Wednesday, March 20, 2019

APOLLO 11











The new documentary APOLLO 11 is absolutely stunning.

Director-editor Todd Douglas Miller assembled the film from hundreds of hours of actual NASA footage and audio produced over the course of the Apollo 11 mission to the moon. The picture and sound quality was cleaned up, and the result, when seen on the big screen, is breathtaking in its clarity and scope. The footage may be nearly fifty years old, but Miller's choice of images makes the documentary feel as if it was filmed yesterday.

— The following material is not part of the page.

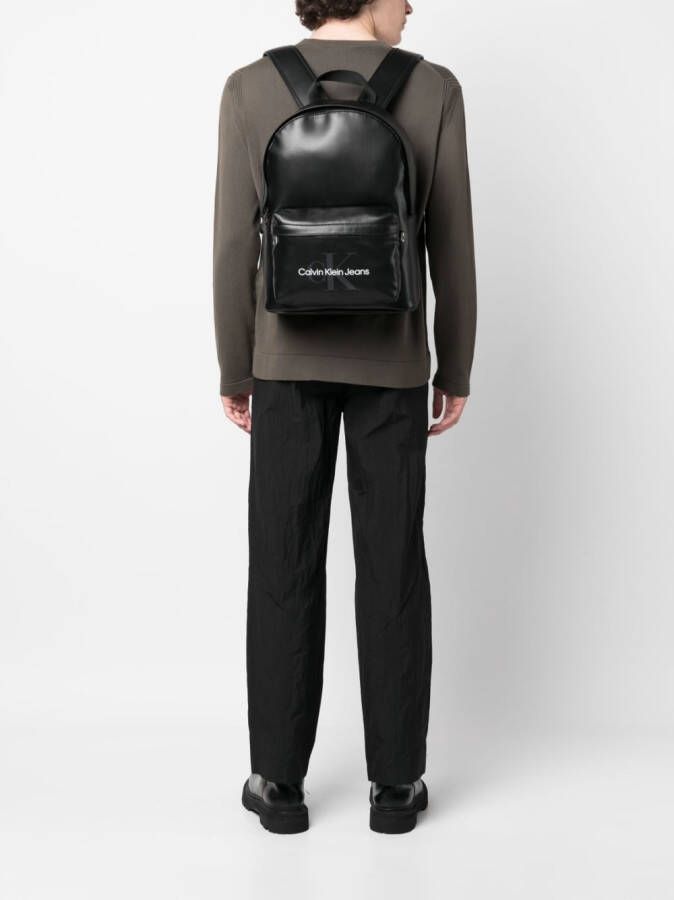 Calvin Klein Jeans Rugzak met logo Zwart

There are no enhancements to the footage, no celebrity narrators, and the graphics added to help the viewer chart the progress of the mission are simple and unobtrusive. Everything in the film comes from the archives. Miller allows the footage, and the mission audio, to tell the story. Even though it's a story we all know, the presentation of it here makes it far more gripping and exciting than any fictional narrative.

What comes through in APOLLO 11 is the immensity and magnitude of what the mission, and the people who were involved in it, accomplished. Because the film is not injected with any Hollywood-style melodramatics, we are focused on what is happening, in the precise manner in which it happened. Because we are seeing and hearing the real thing, the situation becomes much more powerful.

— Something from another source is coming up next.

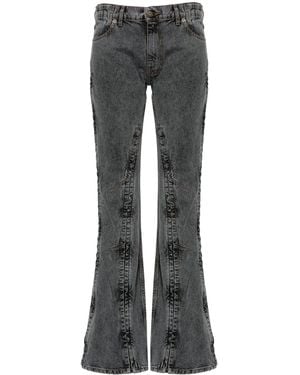 Y. Project Evergreen Haken und Augenschlanker Jeans - Grau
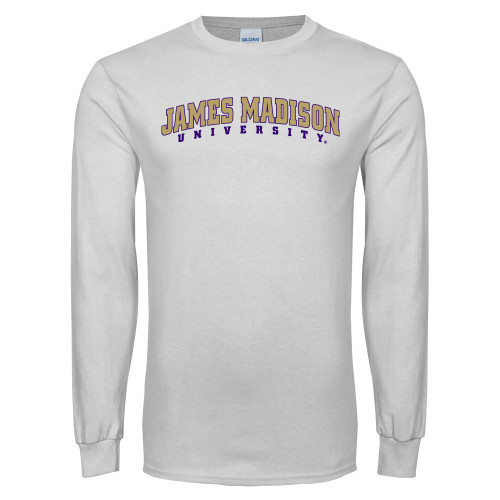 James Madison White Long Sleeve T Shi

What really struck me was how deceptively calm everyone sounded on the mission audio--you'd think these men were discussing installing a refrigerator instead of executing probably the most important event in human history. Obviously astronauts Neil Armstrong, Buzz Aldrin, and Michael Collins take center stage here, but APOLLO 11 makes clear how many thousands of other people had a part in making the mission a success.

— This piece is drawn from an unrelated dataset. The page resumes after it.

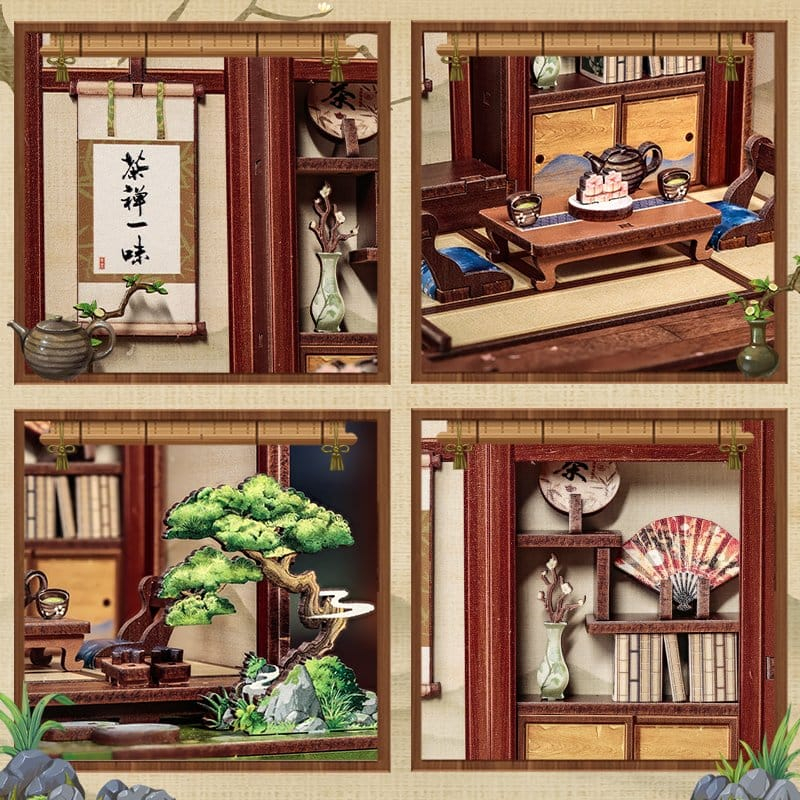 Kirishima Cha-an - DIY Miniature House Kit cu LED [4]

The footage taken in outer space is amazing--it blows away any 21st Century CGI. Ironically, all the footage used is in the public domain--anyone could have used it to make their own documentary, but I doubt it would have had the impact of Miller's work. The atmospheric music score is by Matt Morton, and he used a 1968 synthesizer to record it.

The release of APOLLO 11 was certainly timed to celebrate the 50th anniversary of the moon landing, but it is particularly welcome in today's world, when everyone seems to be at each other's throats. APOLLO 11 is a powerful reminder of what humanity can accomplish, and how much more mankind needs to accomplish. Forget about all the contemporary superhero epics--this is a film featuring real special effects and real heroes, and it needs to be seen by as many people as possible.